Socorro, apareci num cartaz do PS !

Não é novidade para mim. Como todas as mulheres que conheço, é suposto eu conseguir fazer muitas coisas ao mesmo tempo, mas daí a poder estar simultaneamente em diversos locais vai uma grande distância, sobretudo se eles estiverem tão afastados entre si como o Porto, Bragança ou Vila Real de Santo António.

E tudo porque a minha fotografia apareceu num dos célebres cartazes de campanha do PS onde falsamente anunciavam que algumas pessoas estavam desempregadas.

De que eu não fazia nada, já andava desconfiada a lacraia da minha patroa lá na lanchonete do shopping onde eu trabalhava ao fim de semana, mas não era preciso vir anunciá-lo publicamente. E lá por não ter trabalho não quer dizer que não tivesse um emprego. Além disso, estava longe de ser como afirmavam no anúncio, porque não era verdade que não recebesse qualquer contrapartida ao fim do mês, por mais que ache indigno trabalhar por um ordenado tão mixuruca e possa confundir a ninharia que levo para casa com quase nada.
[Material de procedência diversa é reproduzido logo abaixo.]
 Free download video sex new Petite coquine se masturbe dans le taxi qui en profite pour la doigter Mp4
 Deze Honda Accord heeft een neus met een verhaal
Da noite para o dia, o meu nome e os de outras pessoas, passaram a encher capas de jornais e por toda a parte de viam, devido a constarem de cartazes que anunciavam desempregados, em vez dos empregos de queles andassem à procura, com comentadores a digladiarem-se sobre os argumentos a que é legítimo os Partidos recorrerem numa campanha para elegerem Órgãos de soberania.
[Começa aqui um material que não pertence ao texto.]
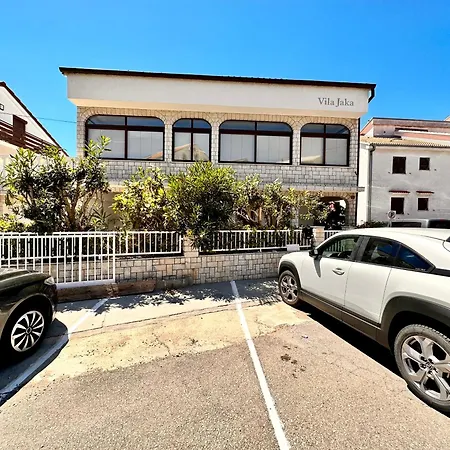 Apartment Jaka *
Desde os outdoors presentes nas paragens dos autocarros, aos cartazes de onde, dos autocarros em movimento, lhes parecia que eu cumprimentava os transeuntes, passei a estar em todo o lado, para uns, com o ar abatido de quem inutilmente se queixa de continuar desempregado ao fim de quatro anos, para outros, com um ar revoltado e mal-humorado que bem podia ter estado na origem de ter sido despedido com justa causa no último lugar onde trabalhei, por ter insultado e batido à paulada no patrão ou coisa assim.
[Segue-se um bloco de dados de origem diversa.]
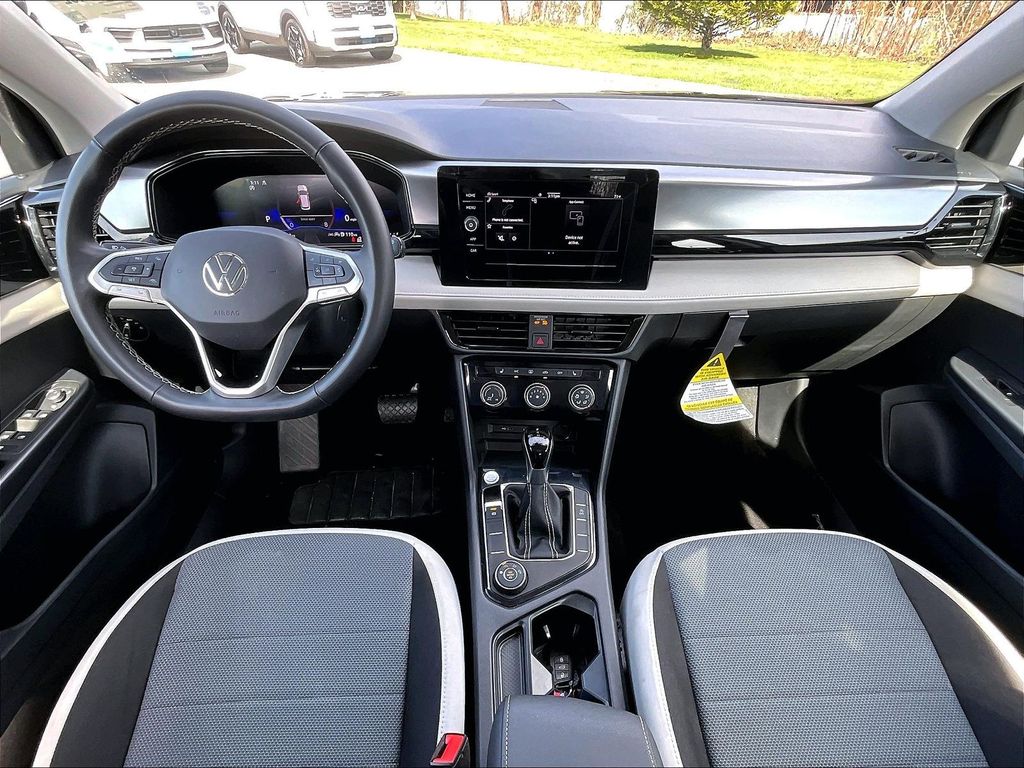 2025 Volkswagen Taos — photo 21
Lá do alto, afiguravam-se-me simpáticas as caras das pessoas que me olhavam compadecidas da minha triste sorte, antevendo o meu trágico fim se, mercê dos erros de campanha, os próprios socialistas ditassem o resultado das próximas eleições.

Saindo da cozinha onde tinha acendido a televisão aos berros, despertou-me mal-humorada a minha mãe, irrompendo pelo quarto a uma hora em que de mim só ouviria algum locutor falar, se fosse notícia eu dessa vez ter chegado cedo a casa, porque habitualmente de sábado para domingo nunca me deitava antes das seis.

Ouvi-lhe uma reprimenda, por um lado porque me tinha filiado num Partido sem lhe pedir autorização e, por outro, por lhe ter mentido, ocultando que estava desempregada, assim como a origem do dinheiro que lhe entregava mensalmente para ajudar a pagar as contas, mas ao princípio não estava a perceber nada. Era como se dos meus cinco sentidos, por causa do sol, que mal ela levantou a persiana me subtraiu ao sono, o da audição tivesse sido o mais afetado e continuasse por isso ainda entorpecido.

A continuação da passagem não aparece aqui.